I have the same complaint and Apple and Google have a solution.

On Apple iPhone, Apple iPad, Google Nexus 6P, Google Nexus 5X, Google Android One and Samsung smartphones you can use the volume button on the side of the phone as your shutter.

To further reduce camera shake you can use the volume button of your earphone to trigger the shutter.

I've been doing this since 2013 with the iPhone 5S. Not to sure about the iPhone 4S from 2011

Double clicking on the power button on certain Android phones with Marshmallow, Nougat and Oreo will activate the camera.

Single clicking on the power button and swiping left on the screen on iPhones will activate the camera.

To make this discussion of smartphone cameras relevant to ILCs be aware that Sony at one time supplied the top 50% of image sensors of all smartphones worldwide.

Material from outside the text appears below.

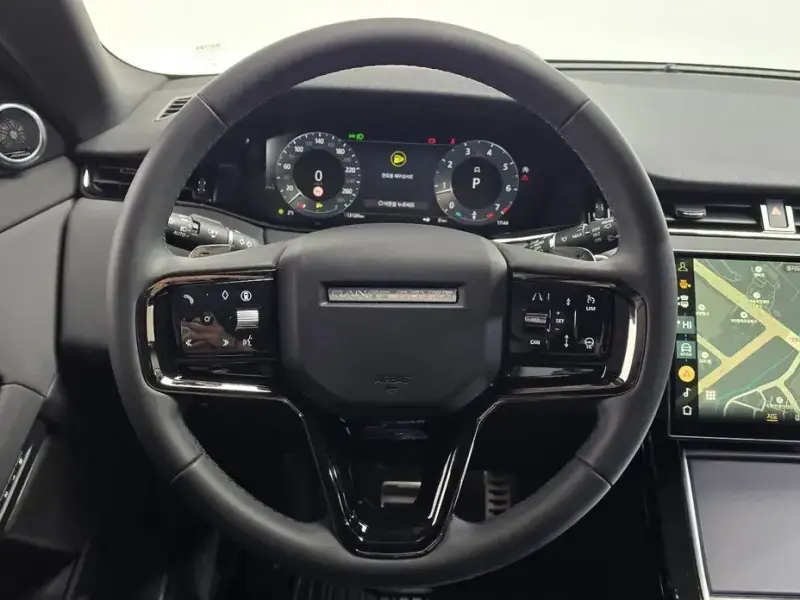 2024 Land Rover Range Rover Evoque с пробегом 13 120 км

The R&D money they earned went into producing the full frame image sensors found in the a9, a7S II, a7R II and a7 II.


----------



## Mt Spokane Photography (Oct 5, 2017)

There is little doubt that phone makers see the image quality of phones as a selling point. They embarked on a quest to improve them about 4-5 years ago, and have succeeded. They spent a lot more on R&D than Canon or Nikon, but only a small amount per phone sold.

However, I tend to be skeptical about DXO ratings, merely because the reviewers tent to ignore flaws that matter to me, but not to them. They place high values on things like bokeh when I value low noise and low light capability, and no phone camera is at 98 on the low light scale, more like 10.


----------



## dolina (Oct 5, 2017)

In 2015 Samsung's marketing conducted research on people used their smartphones and what influences their buying decision.

Unsurprisingly the camera on them matters.

https://petapixel.com/2015/02/12/importance-cameras-smartphone-war/

I bring around a SLR when I am going to do something where image quality counts. For everything else a smartphone is a more convenient solution. I even bought a 40mm pancake lens from Canon to make the 5DsR as compact as possible. Thinking of getting a 27mm pancake for the 7D2.

The best camera you can ever own is the one with you.

https://petapixel.com/2017/06/16/smartphone-cameras-improved-time/


----------



## aceflibble (Oct 5, 2017)

Basically, people are reading the headline, taking one look at the numbers, and completely ignoring context.

Let's reiterate again for those who didn't pay attention the first time:
*These scores are only relative to other phones and measurements are scored by the standards of phones, not other camera systems. DxO are not comparing a mobile phone to a 1DX; stop being a jackass, people.*



Mt Spokane Photography said:


> and no phone camera is at 98 on the low light scale, more like 10.


They're not a 98 compared to larger-sensor ILCs, but they can be a 98 _compared to other phones_, which is how DxO _repeatedly explains its mobile scores are handled_.


----------



## dolina (Oct 6, 2017)

aceflibble said:


> Basically, people are reading the headline, taking one look at the numbers, and completely ignoring context.
> 
> Let's reiterate again for those who didn't pay attention the first time:
> *These scores are only relative to other phones and measurements are scored by the standards of phones, not other camera systems. DxO are not comparing a mobile phone to a 1DX; stop being a jackass, people.*
> ...



That's why they have their own separate list.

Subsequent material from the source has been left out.